Thai antigovernment protester killed as election tensions rise

Unknown gunman opens fire on opposition rally, 48 hours after two demonstrators were killed in clashes with police

Thai antigovernment protesters mourn in front of the picture of Yuthana Ong-art -- who was shot and killed early Saturday morning -- during a condolence ceremony in Bangkok.
Wason Wanichakorn/AP

A Thai protester was killed and four wounded Saturday, an emergency official said, when an unidentified gunman opened fire on demonstrators who have been attempting to topple Prime Minister Yingluck Shinawatra for weeks. 

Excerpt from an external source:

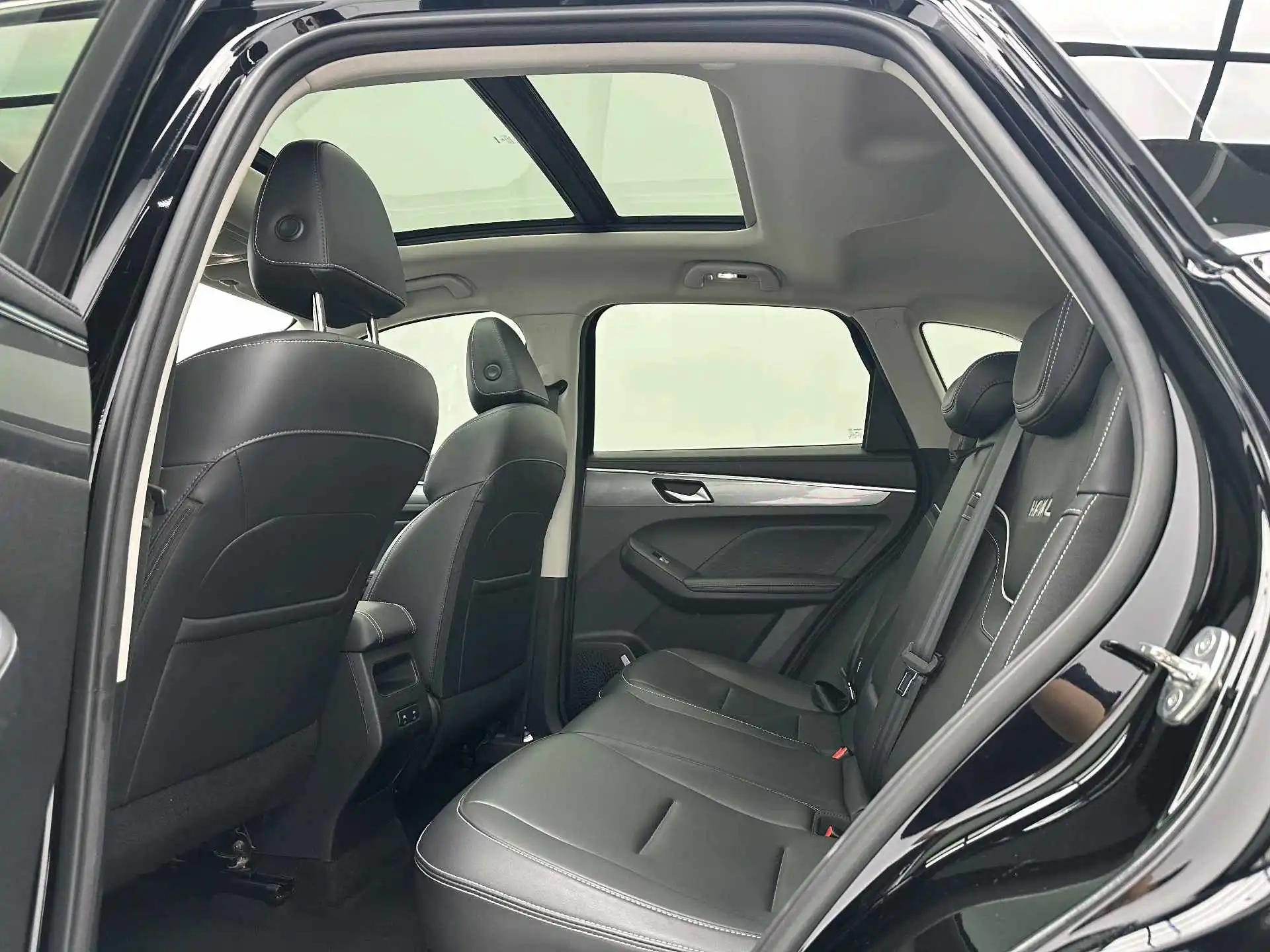 Haval first love 2021 1.5T automatic junior edition 5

Petphong Kamjonkitkarn, director of the Erawan Emergency Centre in the capital, Bangkok, said one man in his 30s had been shot dead. Four others suffered gunshot wounds.

Several hundred protesters have been camped out in tents around the walls of Yingluck's Government House offices, one of several rally sites around the capital. Witnesses said they were sleeping when gunfire rang out.

"I was sleeping, and then I heard several gunshots. I was surprised," said one 18-year-old protester, who identified himself by his nickname "Boy."

Other witnesses said the shots could have come from a car as it drove past the protest site. Reuters television pictures showed bullet holes in a concrete barrier and a generator, as well as bloodstains inside tents.

Later Saturday, opposition leader Suthep Thaugsaban told protesters in the capital that they would "seize Bangkok" in the new year: "I ask my brothers and sisters in various provinces to be prepared and help us seize Bangkok."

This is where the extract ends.